# Hacker Within survey analysis

In [1]:
import numpy as np
import pandas as pd

In [2]:
import matplotlib.pyplot as plt
%matplotlib inline

In [3]:
# Import custom data analysis module
from analyze_data import process_data, category_weights, get_categories

In [4]:
# Get data
df = pd.read_csv('thw_survey.csv')
df

Unnamed: 0,key_tools-groups-yes,key_tools-groups-maybe,key_tools-ranks-yes-bash,key_tools-ranks-yes-version_control_git,key_tools-ranks-yes-choosing_text_editor,key_tools-ranks-maybe-bash,key_tools-ranks-maybe-version_control_git,key_tools-ranks-maybe-choosing_text_editor,languages-groups-yes,languages-groups-maybe,...,tools-ranks-maybe-docker,tools-ranks-maybe-comparing_vc_software,tools-ranks-maybe-node.js,tools-ranks-maybe-MEAN_software_stack,tools-ranks-maybe-django,category-key_tools,category-languages,category-practices,category-libraries,category-tools
0,The Bash Shell,Choosing a text editor,1.0,,,,,1.0,"Matlab,R","Java,Javascript,C,Python",...,,,,,,4.0,3.0,1.0,5.0,2.0
1,"Version Control / Git,Choosing a text editor",The Bash Shell,,1.0,2.0,1.0,,,"Python,Javascript,R,Java,C","Matlab,Julia (new language for numerical compu...",...,,,3.0,,,2.0,5.0,1.0,4.0,3.0
2,Version Control / Git,Choosing a text editor,,1.0,,,,1.0,R,Python,...,,,,,,5.0,1.0,2.0,4.0,3.0
3,"The Bash Shell,Version Control / Git,Choosing ...",,1.0,2.0,3.0,,,,"R,Python,Javascript",,...,,1.0,,,,3.0,1.0,5.0,2.0,4.0
4,Choosing a text editor,"Version Control / Git,The Bash Shell",,,1.0,2.0,1.0,,Matlab,"R,Python,C,Java",...,,,,,,4.0,5.0,1.0,3.0,2.0
5,Version Control / Git,The Bash Shell,,1.0,,1.0,,,"Julia (new language for numerical computing),P...",Javascript,...,3.0,1.0,,,,5.0,1.0,4.0,3.0,2.0
6,The Bash Shell,,1.0,,,,,,"Python,Javascript,R",,...,,,,,,4.0,2.0,1.0,5.0,3.0
7,"Choosing a text editor,Version Control / Git",,,2.0,1.0,,,,"R,Python,Javascript,Matlab",,...,,,,,,5.0,1.0,2.0,4.0,3.0
8,"Version Control / Git,Choosing a text editor,T...",,3.0,1.0,2.0,,,,"R,Python,Julia (new language for numerical com...",,...,,,,,,3.0,1.0,2.0,4.0,5.0
9,"Version Control / Git,The Bash Shell",Choosing a text editor,2.0,1.0,,,,1.0,"Python,R,Matlab,Javascript",Julia (new language for numerical computing),...,,1.0,3.0,2.0,,2.0,4.0,1.0,5.0,3.0


These data aren't very easy to summarize.  Y'all may remember that the questions were in five categories:

In [5]:
get_categories(df)

['category-key_tools',
 'category-languages',
 'category-practices',
 'category-libraries',
 'category-tools']

Each category has a set of options.  Here are the options for `category-key-tools`:

In [6]:
[col_name.split('-')[-1] for col_name in df.columns if col_name.startswith('key_tools-ranks-yes')]
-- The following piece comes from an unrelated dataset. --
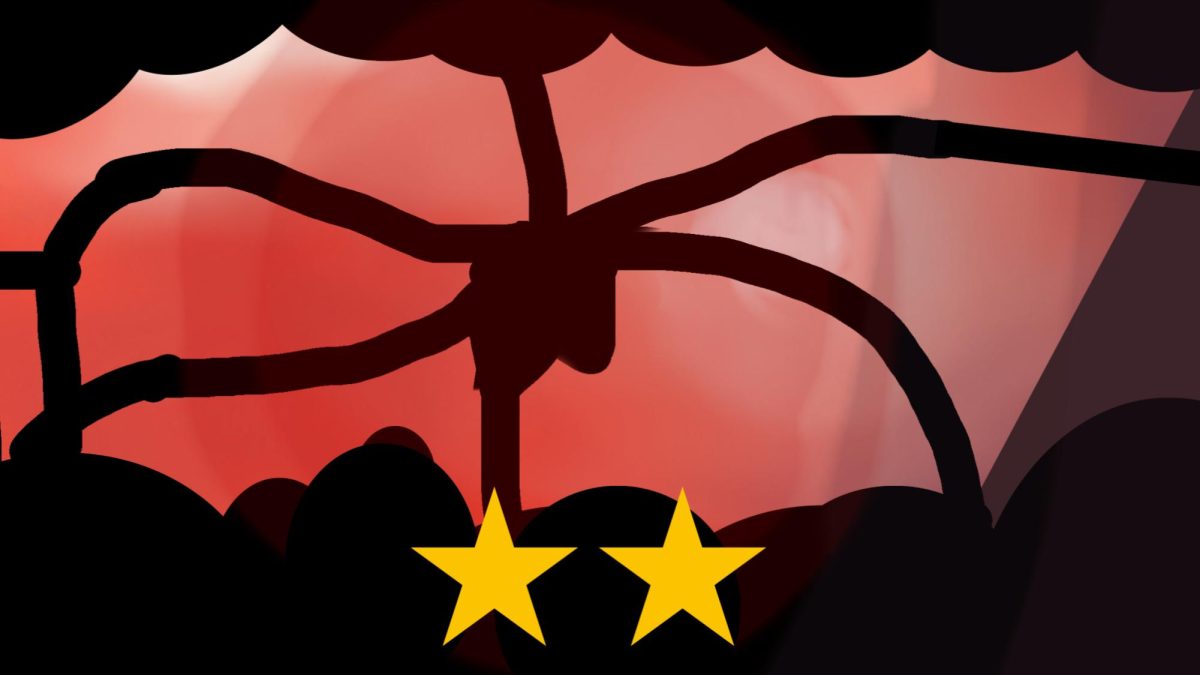 A graphic representing two stars out of five stars given to “Stranger Things” season five part two and three. Graphic by Jerry Schmidt.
['bash', 'version_control_git', 'choosing_text_editor']

For each category, you selected some options as "Yes" and some options as "Maybe".  The survey records these responds in two ways: as "groups" (a comma separated list of options) and as "ranks" (the rank for each option).  It records this twice, once for the "Yes" options, and once for the "Maybe" options.

Say there are `n` options in a category (n == 3 for category `key_tools`).  There will be 2 "group" columns for this category (group column for "Yes", group column for "Maybe".  There will be `n` "ranks" columns for "Yes" and `n` "ranks" columns for "Maybe".  That gives 2 + 2 * `n` columns in total, for each category.

In [7]:
key_tools_columns = [col_name for col_name in df.columns if col_name.startswith('key_tools')]
key_tools_columns                                                                                

['key_tools-groups-yes',
 'key_tools-groups-maybe',
 'key_tools-ranks-yes-bash',
 'key_tools-ranks-yes-version_control_git',
 'key_tools-ranks-yes-choosing_text_editor',
 'key_tools-ranks-maybe-bash',
 'key_tools-ranks-maybe-version_control_git',
 'key_tools-ranks-maybe-choosing_text_editor']

The ranks columns give the rank of this option for the "Yes" or "Maybe" sets.  Here are the column names for the ranks of the "Yes" set, `key_tools` category:

In [8]:
kt_y_rank_cols = [col_name for col_name in df.columns if col_name.startswith('key_tools-ranks-yes')]
kt_y_rank_cols

['key_tools-ranks-yes-bash',
 'key_tools-ranks-yes-version_control_git',
 'key_tools-ranks-yes-choosing_text_editor']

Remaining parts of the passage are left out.